*** Available data Section Begins ***
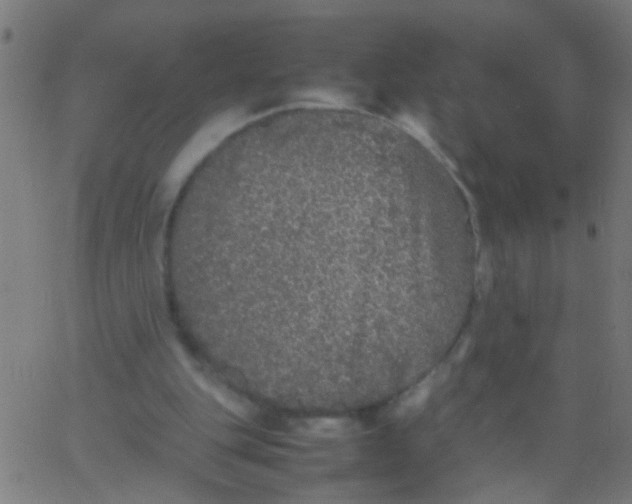 X0000067910151200604271926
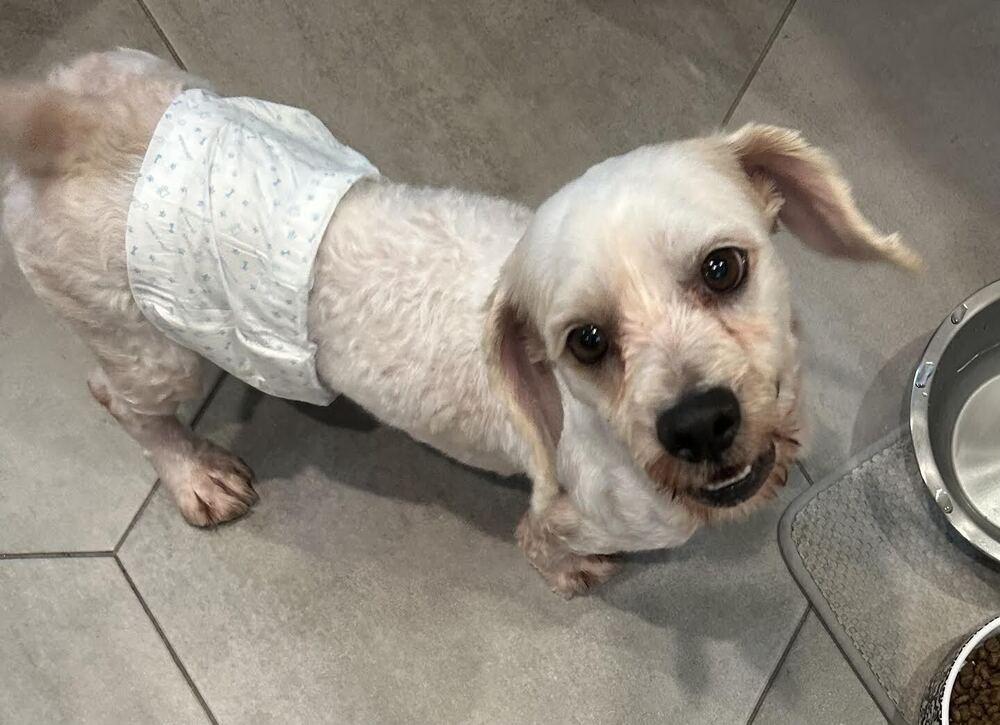 Tuco, a Adoptable mixed breed in Jamestown, CA image 5/6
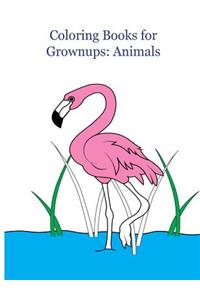 Coloring Books for Grownups: Animals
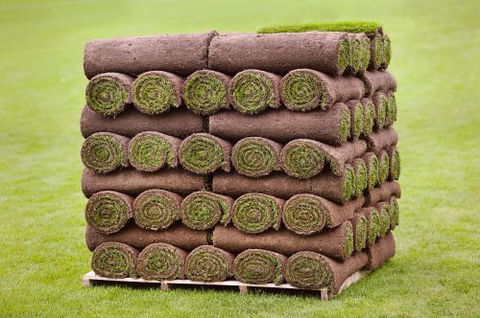 Turfco - Click Find 4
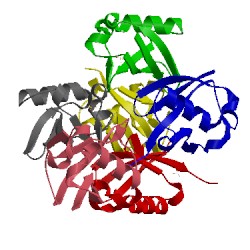 Image of CATH 3m3j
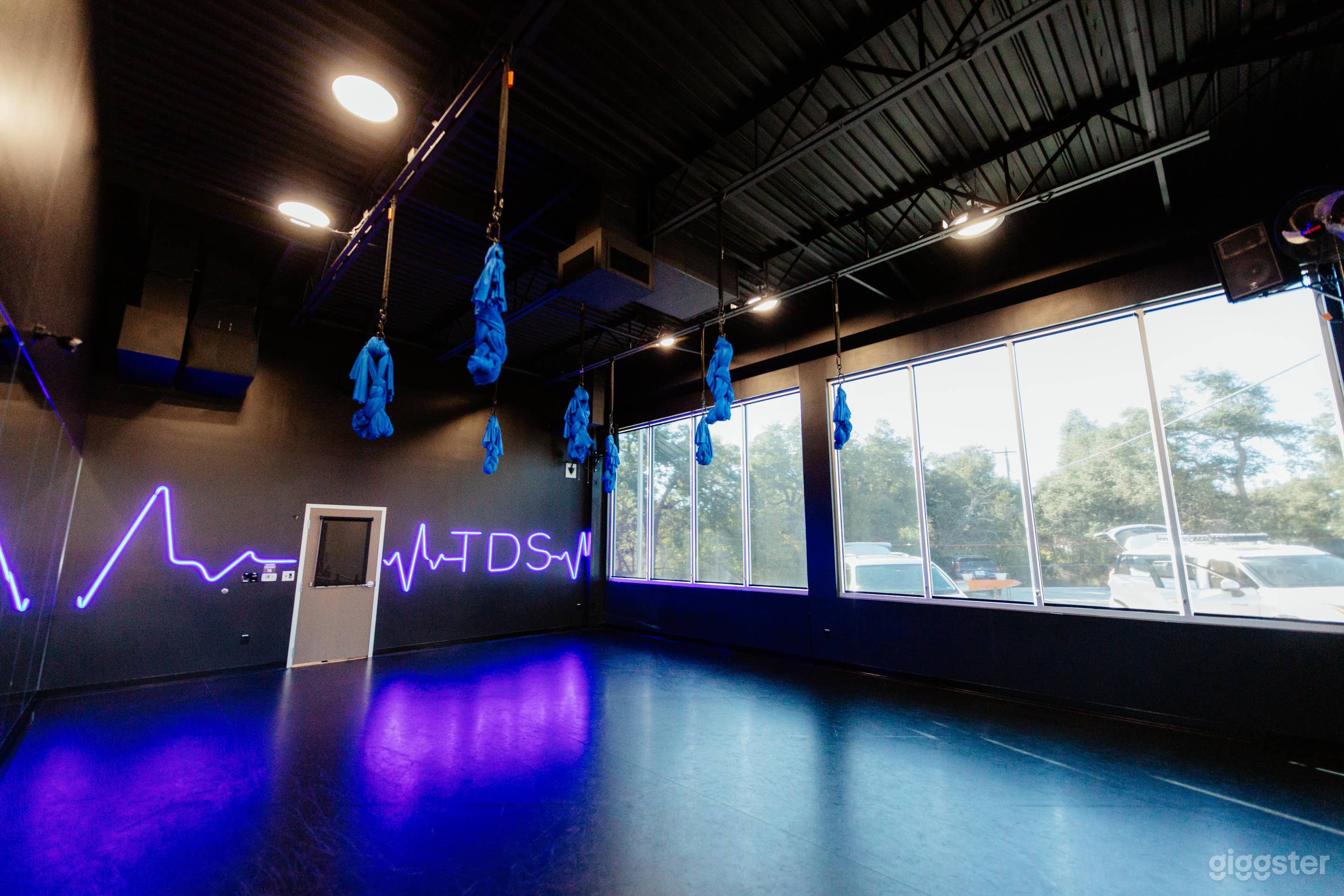 Dance Studio 2 - Dark Walls - Neon Sign Photo 2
*** Available data Section Ends ***
■ What needs to be done ■
Your answer must be a verbatim copy of the entries above, with no images included.

■ Your solution ■
 X0000067910151200604271926
 Tuco, a Adoptable mixed breed in Jamestown, CA image 5/6
 Coloring Books for Grownups: Animals
 Turfco - Click Find 4
 Image of CATH 3m3j
 Dance Studio 2 - Dark Walls - Neon Sign Photo 2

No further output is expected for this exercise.